メタバースは1兆ドル規模のビジネスチャンスになる可能性あり

これまでの経緯から、メタバースは複数の業種にまたがる幅広い収益機会を創出する可能性があります。この傾向は、特に、VR、AR、MRに関連するハードウェアやソフトウェア、半導体、クリエイター向けプラットフォームや経済システムの構築に携わる企業に顕著となるでしょう。広告、ソーシャルコマース、デジタルイベント、ハードウェア、コンテンツの制作・開発などを含めると、その機会は1兆ドルを超える可能性があります。9 以下では、メタバースの最も成長著しい分野と、その分野をリードする企業のいくつかを列挙します。

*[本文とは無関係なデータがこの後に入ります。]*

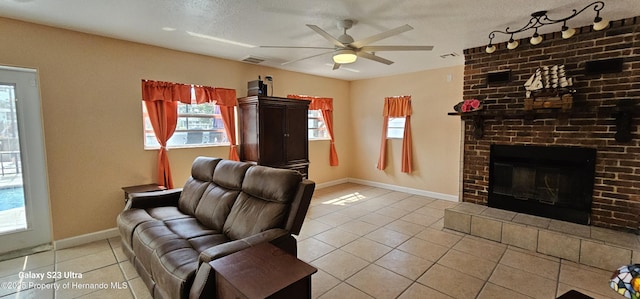 6253 Island Dr, Weeki Wachee, FL 34607 - photo 21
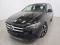 preview Mercedes B 180 #1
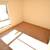 2725 Haste St., 1/1, Super Clean, Walk to UCB 7 thumbnail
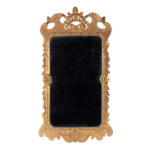 1416-4_1_Mirror,-English,-Gilt,-c1710-1720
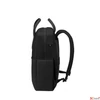 Kép 11/13 - Samsonite laptophátizsák 4Pack Lpt Bp+Handles 15.6 151629/1041-Black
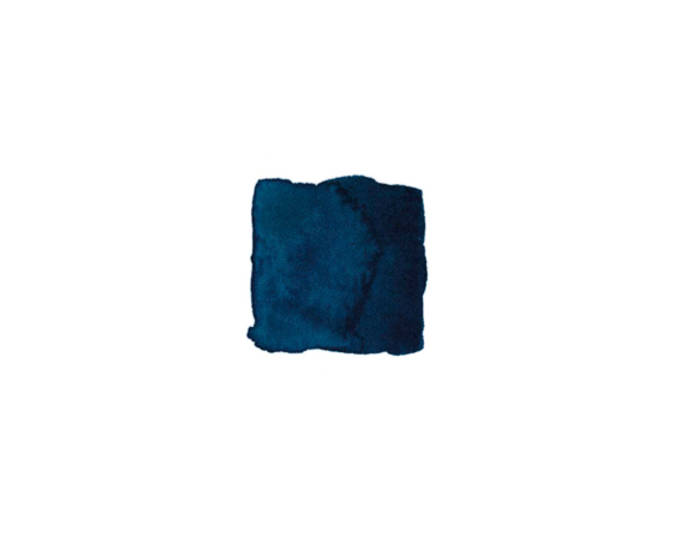 Stockmar Aquarellfarbe 20ml Türkis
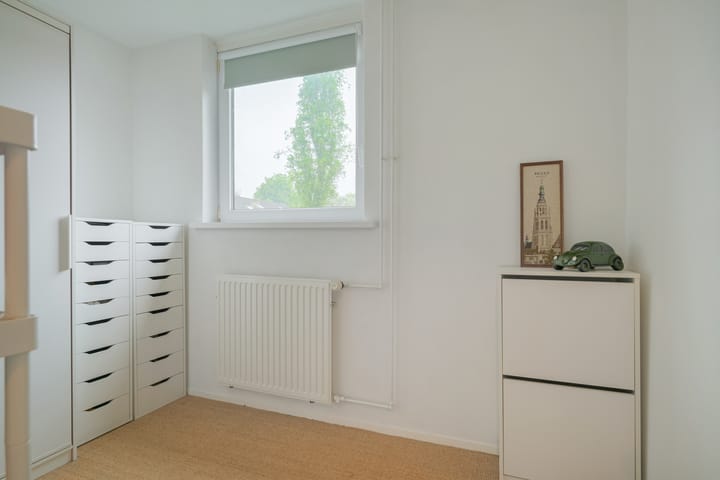 Foto 41 van Cypressenstraat 20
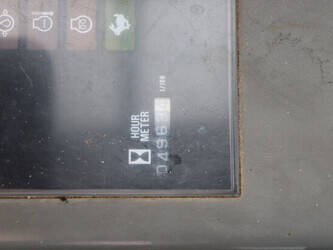 2011-takeuchi-tb219-1427223-45715946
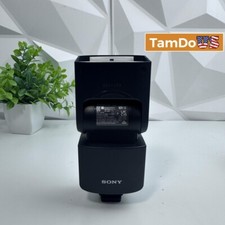 Flash de rádio sem fio Sony HVL-F46RM comprar usado  Enviando para Brazil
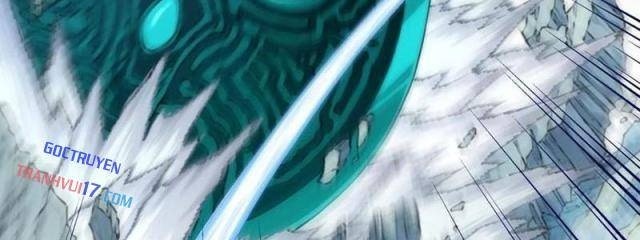 Ta Dùng Cơ Bắp Xưng Bá Tu Tiên Giới - Page 12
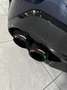BMW 850 M GranCoupè CarbonCore Akrapovic CertificataBMW - thumbnail 3
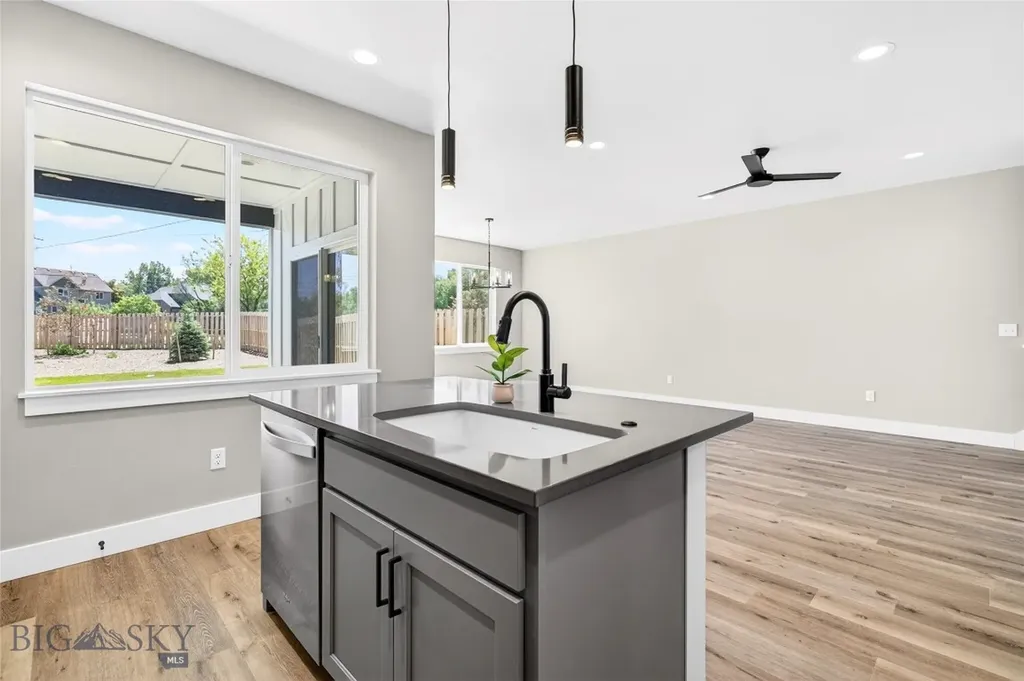 740 Rogers Way Bozeman MT 59718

  • AR、VR、MR、および空間コンピューティング:拡張デジタルリアリティを体験したり、相互作用したりするためのハードウェアおよび/またはソフトウェアの開発に携わっている企業。VR(没入型シミュレーション)、AR(現実世界をコンピューター創出情報で拡張)、MR(現実世界と仮想世界を同時に体験・操作できるハイブリッド型ディスプレイ)などを手掛ける企業が含まれます。これらの技術は、視覚、聴覚、触覚、動作などの情報をシミュレートしたり、中継したりすることができます。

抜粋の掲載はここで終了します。